Mesmo que a diferença esteja só na cor das penas, pode ser caso de vida ou morte. Antes de existirem galinheiros – ou na falta de um abrigo fechado – galinhas carijós, pretas, acinzentadas ou amarelas dormiam em galhos de árvores baixas como limoeiros e ameixeiras. Boa parte ficava invisível na escuridão das noites de terror, quando ataques mortais de raposas e cães famintos desfalcavam o bando. Vistas à distância, principalmente em noites de lua ou relâmpagos, as galinhas e galos brancos tinham poucas chances.
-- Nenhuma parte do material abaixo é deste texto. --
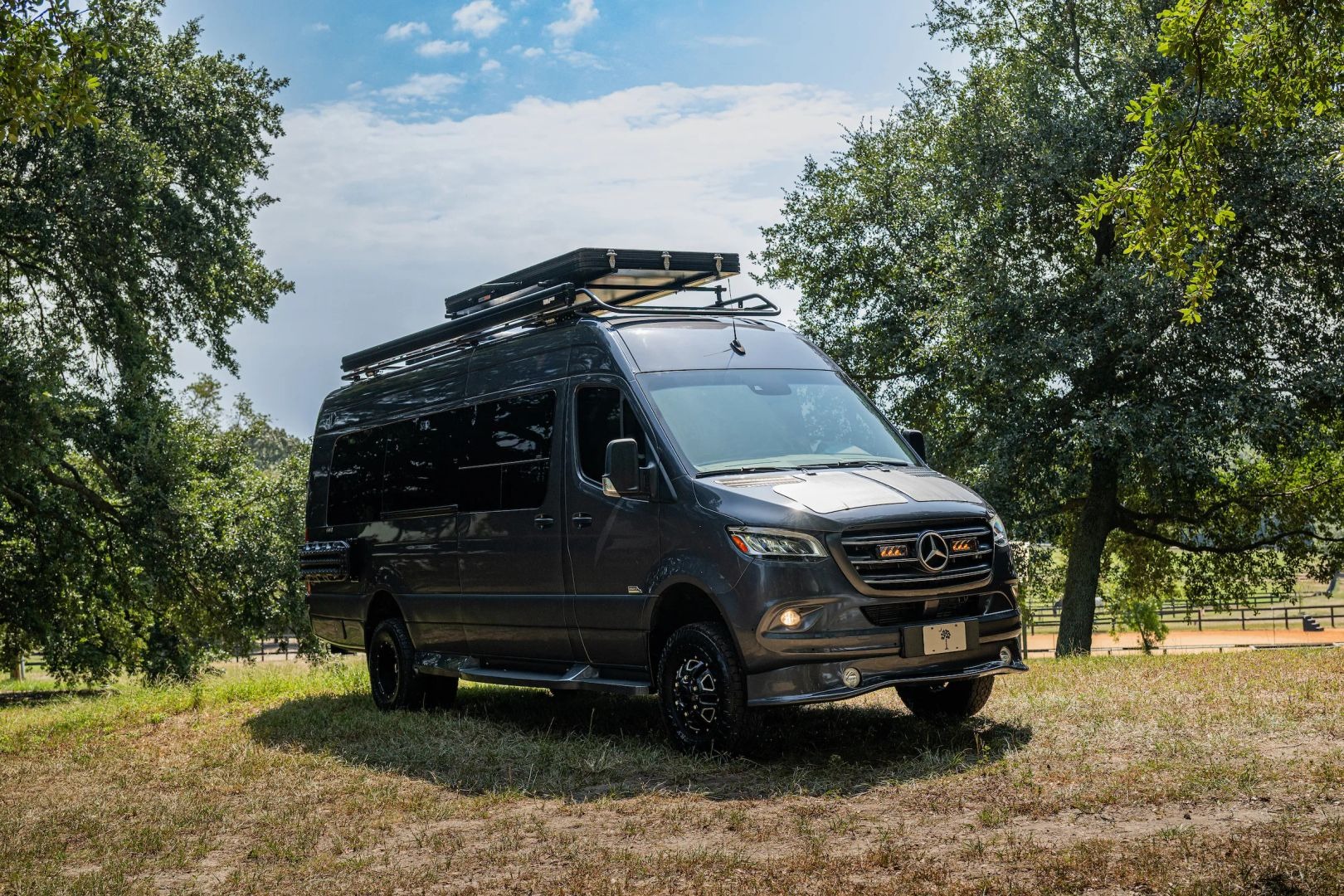 Custom 2019 Mercedes-Benz Sprinter 170 Camper
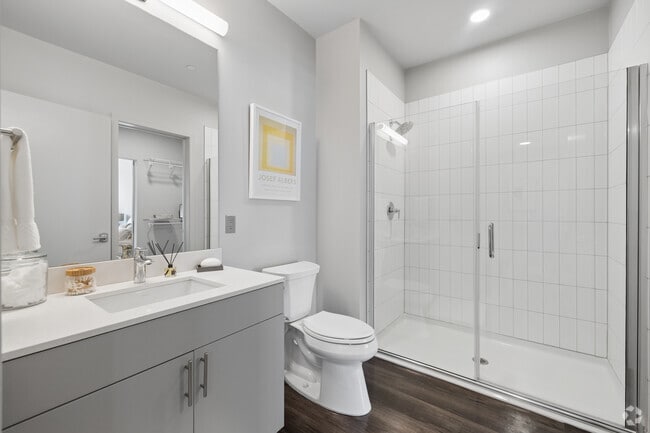 1BR, 1BA - 715SF - Bathroom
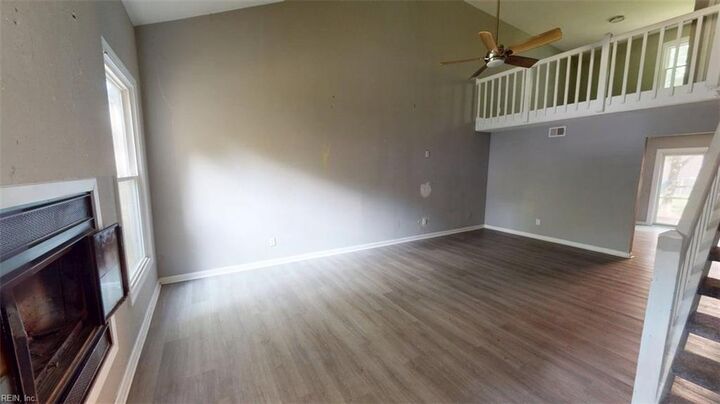 Property Photo: 1118 Tall Oak Dr VA 23462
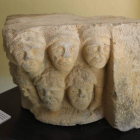 Capitel del templo románico cepedano de San Juan de Montealegre, de la orden de San Juan de Jerusalén, hoy en ruinas.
Mas foram as galinhas e galos ‘de granja’, sem uma única pena escura, que se multiplicaram. Para liderar as exportações do Brasil, o Paraná produz cerca de 1,5 bilhão de frangos ao ano – sete por habitante do país. Os frangos brancos de raças industriais são considerados incríveis por converterem 1,8 quilo de ração em um quilo de carne, o melhor índice de produção do mercado. Tiraram outras galinhas do puleiro, mas não eliminaram a diversidade do terreiro.
Terreiro sertanejo
Há 170 raças de galinhas listadas em bancos de dados sobre a espécie. Conheça variedades bastante comuns no interior do país.
Pescoço pelado
Galo ou galinha do pescoço pelado é raça caipira trazida da Europa (Alemanha, Portugal, Hungria, França). O pescoço da ave não tem pena desde a ninhada. Quem compra carne de frango caipira no supermercado já deve ter saboreado essa espécie, que é criada em escala por ter boa massa de carne. Uma ave de 4 a 5 meses passa de 3 quilos com facilidade. A variedade originada na França foi desenvolvida mais recentemente, há cerca de três décadas, e é chamada de Label Rouge (foto).
Garnisé
Esse nome na verdade refere-se a diversas raças nanicas, menores que a galinha doméstica comum. O garnisé que vive no interior do Brasil teria sido trazido da Grã-Bretanha (da ilha de Guernsey, que fica no Canal da Mancha). É como um pássaro que vive no chão – pesa menos de meio quilo na idade adulta e serve mais para enfeitar o sítio do que para produção de carne. Como representa diversas raças, também tem muitos nomes: galinha-do-reino, galinha-da-costa ou galisé.
Carijó
Só menos famoso que a Galinha Pintadinha entre as crianças, o galo carijó é um sertanejo que pertence a uma das raças da classe americana – sim, há grupos para as raças portuguesas, americanas, asiáticas, inglesas, mediterrâneas e continentais. O nome da raça de pena rajada (que também pode nascer totalmente branca) é Plymouth Rock. A variedade ganha espaço no terreiro porque é boa tanto para carne quanto para ovos.
Bombacha
Galos e galinhas que têm as pernas cobertas de penas – como se estivessem de calças compridas – pertencem às raças Brahma e Cochinchina – que integram a classe asiática e partem de países como a China. Têm passaporte carimbado para o Rio Grande do Sul, onde são chamados de “galo de bombacha”, traje típico gaúcho. No site do governo do estado, há inclusive uma nota dizendo que o galo de bombacha “é atração” entre as aves fêmeas expostas na feira agropecuária Expointer, onde chega a custar R$ 150. O galo de bombacha chega a 5 quilos.
Índio gigante
No meio do terreiro, têm surgido galos e galinhas bem mais altos, com até um mêtro. Tamanha envergadura só pode ser do Índio Gigante, uma raça importada que figura também entre as aves ornamentais. Importa-se reprodutores, que se multiplicam e acabam se misturando no meio de outras raças. As galinhas mistas na verdade são maioria na criação doméstica, menos preocupada com a conversão de ração em carne.
Galinhas raras
As galinhas têm perto de 170 raças, muitas delas ornamentais, que não estão livres de ameaças. Apreciadores, que muitas vezes lotam gaiolas e quintais simplesmente por gostar desse tipo de ave, ajudam a preservar as mais escassas. Mas mesmo entre as raças portuguesas: Palheirinha, Rosa, Amarela, Branca, Pedrês e Preta Lusitânica, as quatro últimas são classificadas como raras. Haveria menos de 2 mil fêmeas de linha pura dessas quatro famílias no planeta.